US Conflict Resolution Policy Backfires in Yerevan

Publication: Eurasia Daily Monitor Volume: 7 Issue: 81

The US State Department seems disappointed, but not entirely surprised, by Yerevan’s April 22 suspension of Armenian-Turkish “normalization.” Assistant Secretary of State, Philip Gordon, in charge of this policy, finds solace in Armenian President, Serzh Sargsyan’s decision to suspend, rather than terminate the effort; and hopes that Yerevan would continue to cooperate with the US-driven process goal. Gordon as well as State Department Spokesman, Philip Crowley, argued that such normalization meets the interests of Armenia, Turkey, and other [unnamed] countries in the region (press releases cited by News.Az and Arminfo, April 23).

These statements, however, seem to ignore Azerbaijan’s view and the change in Turkey’s view.

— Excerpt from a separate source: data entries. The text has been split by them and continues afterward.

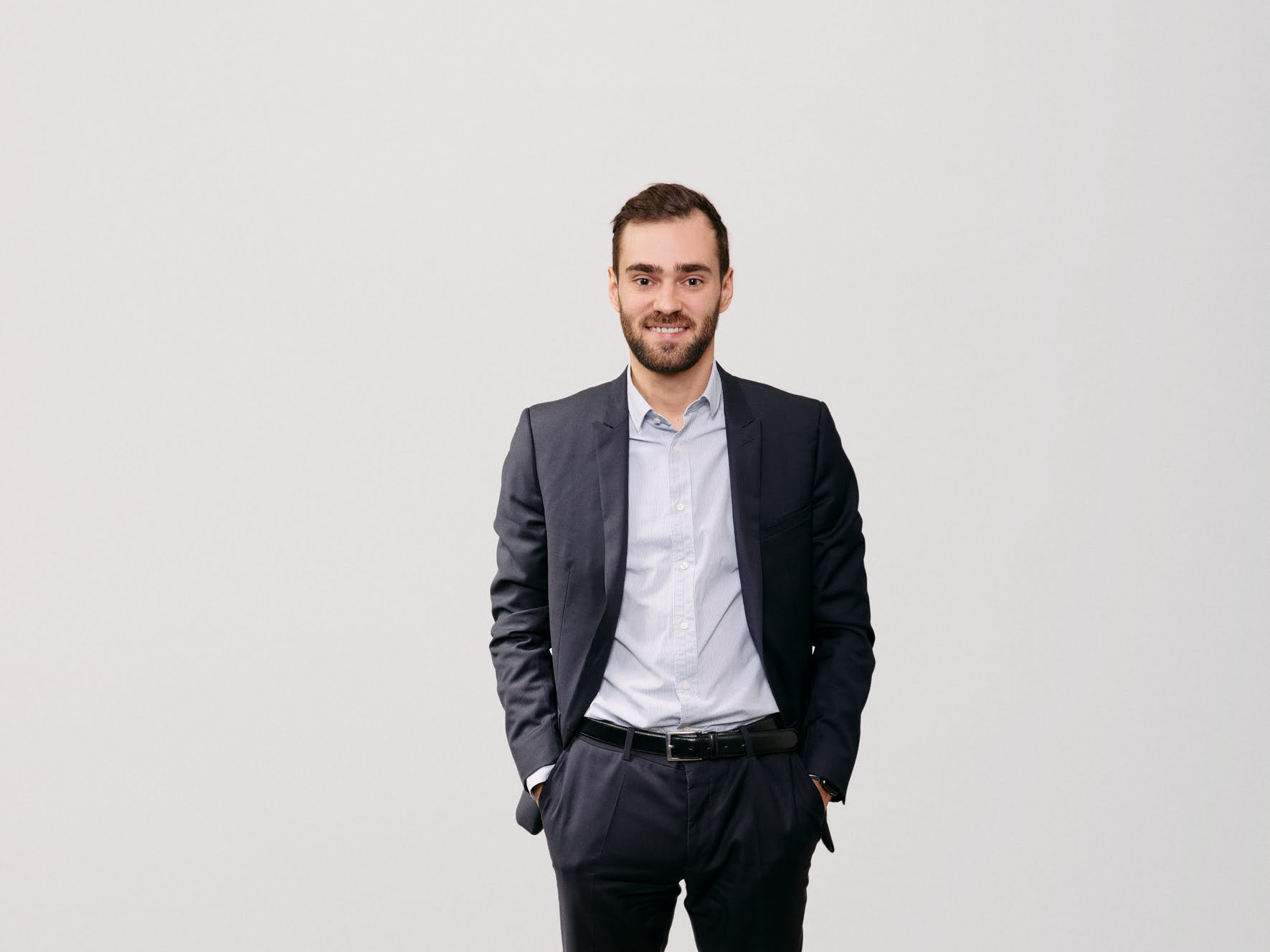 Arthur CHEVILLOTTE, Associate – Investor Relations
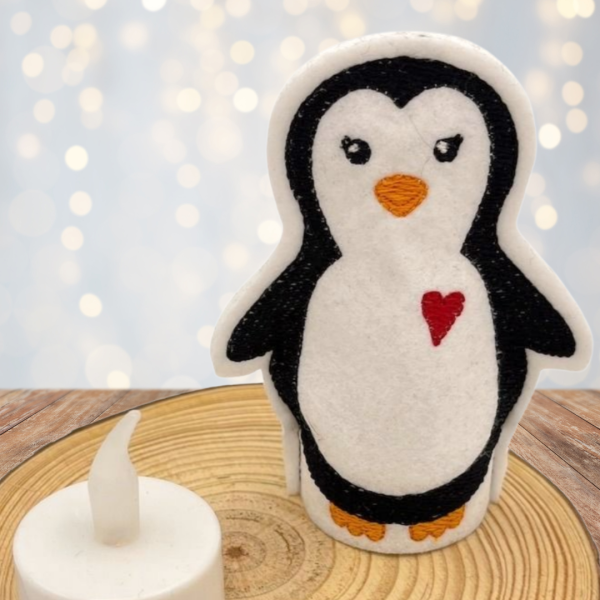 1 LED-Cover Pinguin mit Herz bestickt -ohne LED-Teelicht-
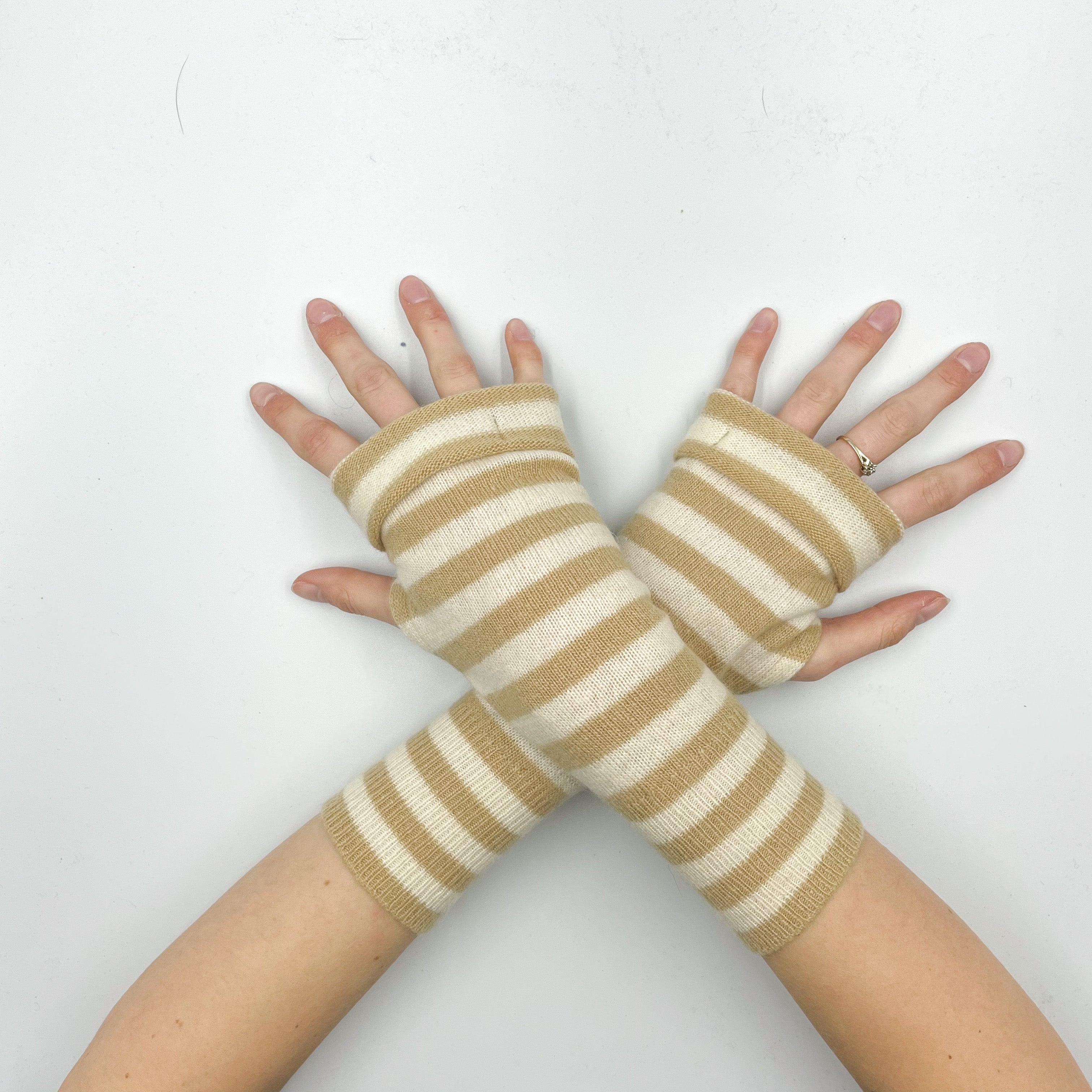 Camel Stripe Fingerless Gloves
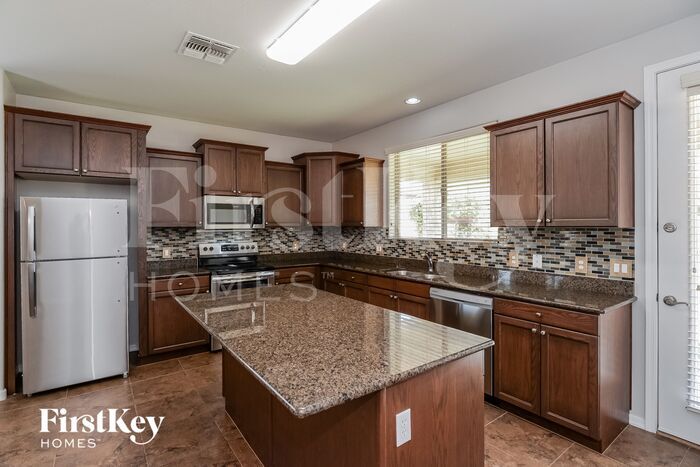 Building Photo - 1018 W Corriente Dr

Inasmuch as the normalization focuses on opening the Turkish-Armenian border unconditionally, or no longer linked to a withdrawal of Armenian troops from Azerbaijan’s interior –Baku deemed it to be against its interests all along. Ankara had rallied to Baku’s view last December already.

Since April 2009, US President, Barack Obama’s administration has pressed for opening Turkey’s border with Armenia unconditionally Thus, the October 2009 Zurich protocols, strongly backed by the US, required Turkey to establish diplomatic relations with Armenia and open the mutual border “without preconditions.”

Washington’s policy seems driven primarily by domestic politics. The administration hopes to remove the annual drama of Armenian genocide recognition from the center-stage of US politics. It seeks its way out of the dilemma of losing Turkey versus any loss of the US Armenian vote. “Normalization” of Turkish-Armenian relations, centered on the re-opening of that border, was offered as a substitute for the unfulfilled electoral-campaign promises to recognize an Armenian genocide in Ottoman Turkey.

Washington’s normalization concept, however, has also turned out to be unfulfilled. Tilting sharply in Armenia’s favor at Azerbaijan’s expense, it backfired first in Azerbaijan and shortly afterward in Turkey. Instead of de-aligning Ankara from Baku, as seemed briefly possible, it led Turkey and Azerbaijan to close ranks against an unconditional “normalization” of Turkish-Armenian relations, prior to a first-stage withdrawal of Armenian troops from Azerbaijan.

The US initiative seemed unrelated to any regional strategy in the South Caucasus. It actually coincided with an overall reduction of US engagement in that region, downgrading the earlier goals of conflict-resolution and promotion of energy projects. Moreover, it risked splitting its strategic partner Azerbaijan from Turkey, compromising the basis for a subsequent return to an active US policy in the region.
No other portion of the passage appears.